Some 500 Qatar residents have sought help from the government after their employers denied them permission to leave the country over the past month.
Since then, it has met almost a dozen times and resolved some 321 cases. That’s about 64 percent of the petitions.
In a statement, the MOI said that 20 exit permits were issued immediately. And another 296 were granted after “friendly coordination” with employers.
But the MOI added that 177 applications had issues that were beyond the scope of the committee.
This included petitions filed by expats who quit their jobs by fleeing their employers (labeled “absconders” under the law) and people who face travel bans.
The government noted that once it got involved, employers were usually willing to grant the exit permits fairly quickly.

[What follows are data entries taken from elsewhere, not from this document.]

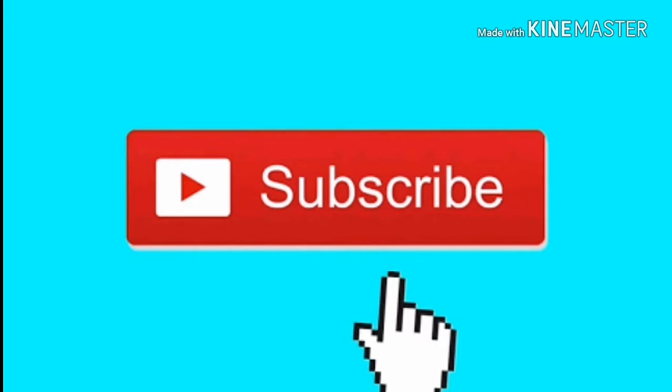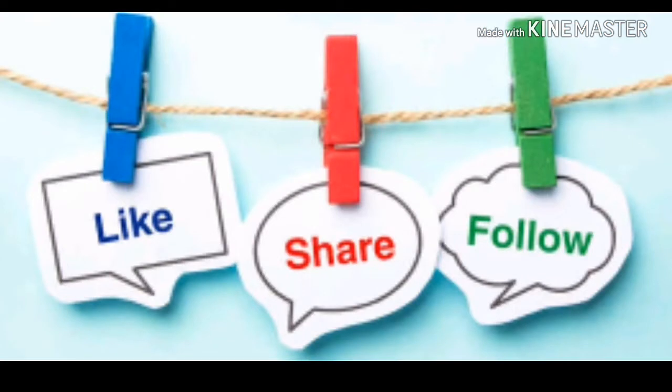I hope you enjoyed this video. Don't forget to like, and please share this video with your friends and family, and follow me on Instagram. Take care, bye-bye, love yourself!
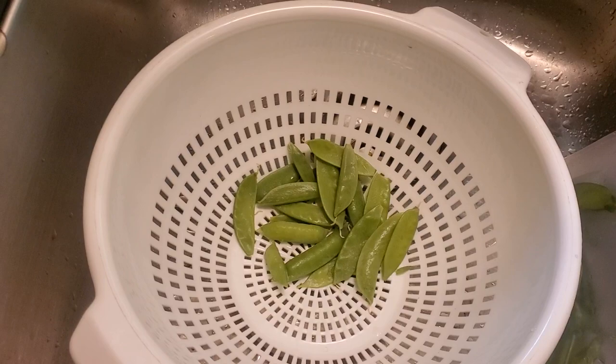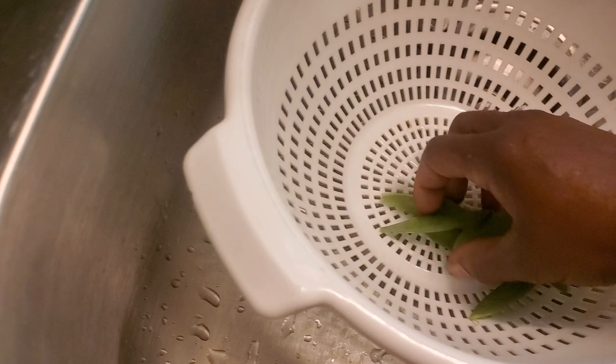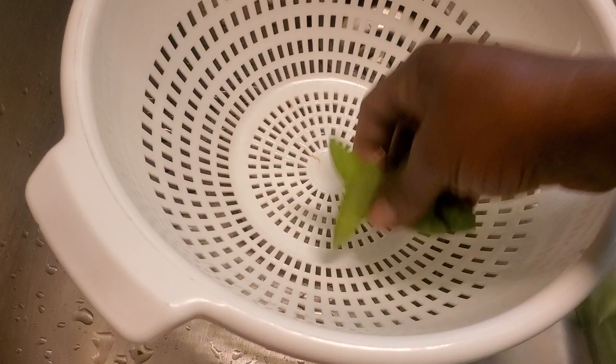Hey y'all, welcome back to L&L Honeycomb Homestead. Today I want to show you about the peas that I harvested the other day. I took them, washed them, got them strained out, and now I'm getting ready to put them in these bags. I'm going to explain these bags to you, so just in case you don't know anything about them, stay tuned.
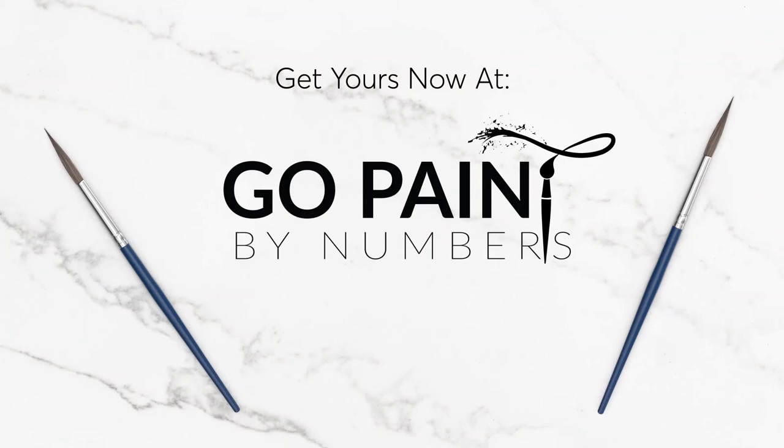Be sure to follow these five easy steps if your canvas arrives crinkled or wrinkled. And as always, check out our website at gopaintbynumbers.com to pick up your very own canvas kit today.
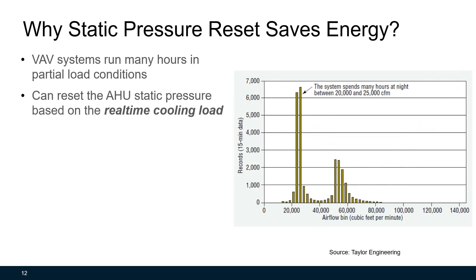We care about partial load conditions because for a variable air volume system, most of the time the system runs under partial load conditions. Look at this chart. The x-axis represents airflow bins in cubic feet per minute, and the y-axis represents how long the system runs under a certain airflow bin. The full load condition is at around 80,000 CFM, but this full load condition may only run about one or two days per year. Most of the time the system runs between 50,000 to 60,000 CFM, or 20,000 to 25,000 CFM during night. So if we can let the building automation system automatically reset the static pressure based on cooling demand, potentially a lot of fan energy can be saved.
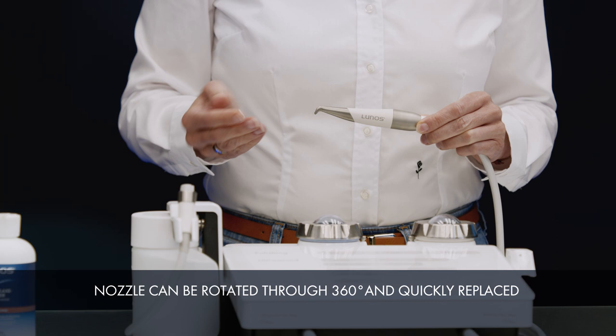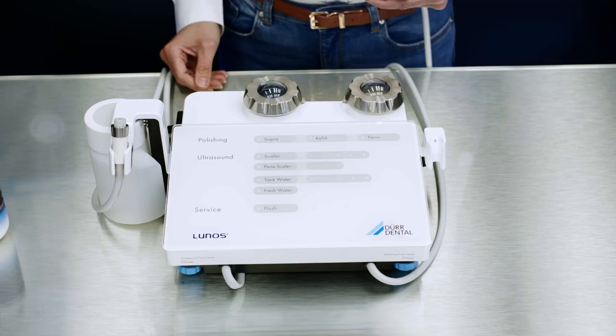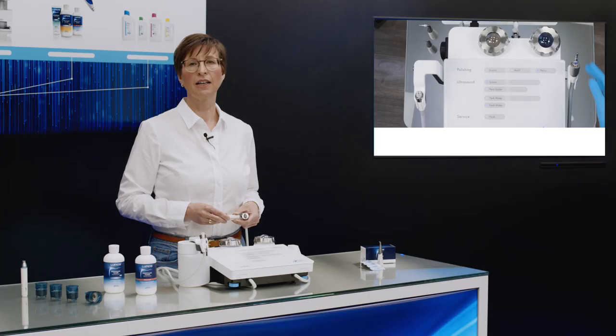The nozzles can also be replaced quickly and easily if necessary. This, together with the supra and perio functions that can be selected on the device display, enable the user to quickly switch between supragingival and subgingival application.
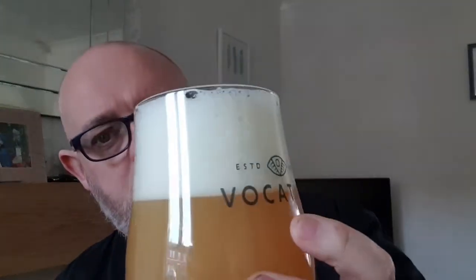It has a dense and compact head, no floaters in it. Looks absolutely delicious. Let's go for the nose, let's see what we can smell. Citrus fruit, grapefruit, touch of pineapple — and there's a bit of pine there too. Smells really nice.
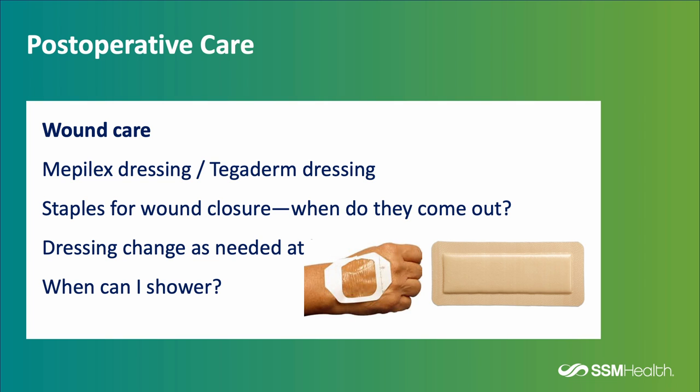Regarding wound care, there are a few options: a silver or mepolex dressing, or a tegaderm dressing. If you have staples, they will come out approximately two weeks after surgery, removed by a home care nurse or in your physician's office. If dressing changes are needed at home, the home care staff will help. You can shower with both types of dressings once you're home and after your first visit with the home therapist. Both dressings are water resistant.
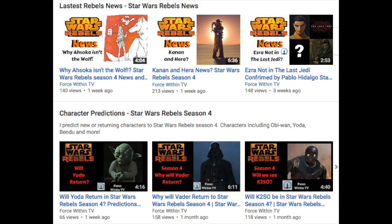Thank you for checking out the channel. Links for these products will be in the video description below. Check out my other X-Wing miniatures videos as well. I'm mostly a Star Wars Rebels channel, so if you're a fan, head over to Force Within TV for predictions, speculation, and the latest news about Star Wars Rebels Season 4. Thank you for watching, and may the Force be with you always.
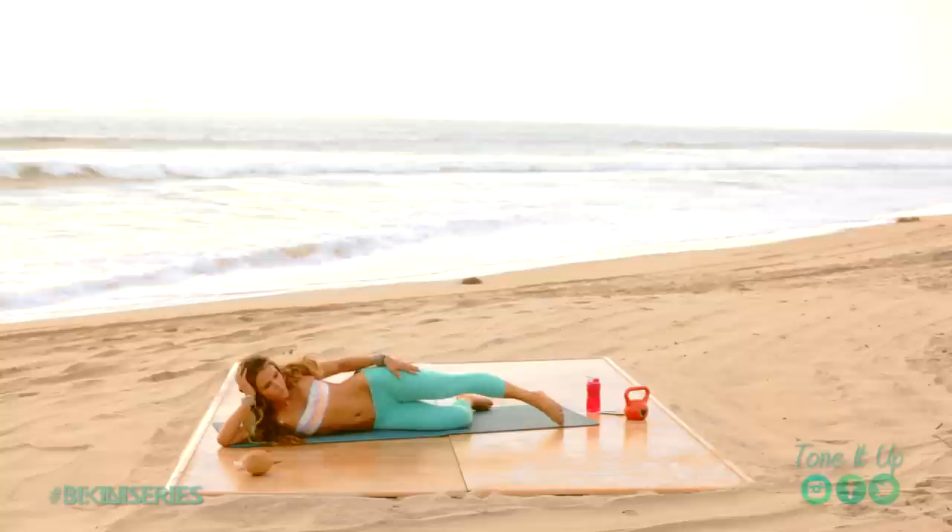And three, two, and one. Alright, we're going to put that kettlebell down.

However, Qatar has come under fire from rights groups over the past month for not removing its exit permit requirement in the first place.
This was not initially the plan.
When it was signed by the Emir, Law No. 21 of 2015 on the entry, exit, and residence of expatriates stated that an automated system would be set up under the MOI to grant “leave certificates” for expats.
However, an amendment to the law was approved this month to keep control of exit permits under one’s employer.
Any expats who have trouble leaving the country can appeal to the new Exit Permit Grievance Committee.
This can be done by visiting a government services complex or a police station.
The committee must respond to requests for an exit permit within 72 hours of a complaint being lodged, although it may be sooner, especially in emergency situations.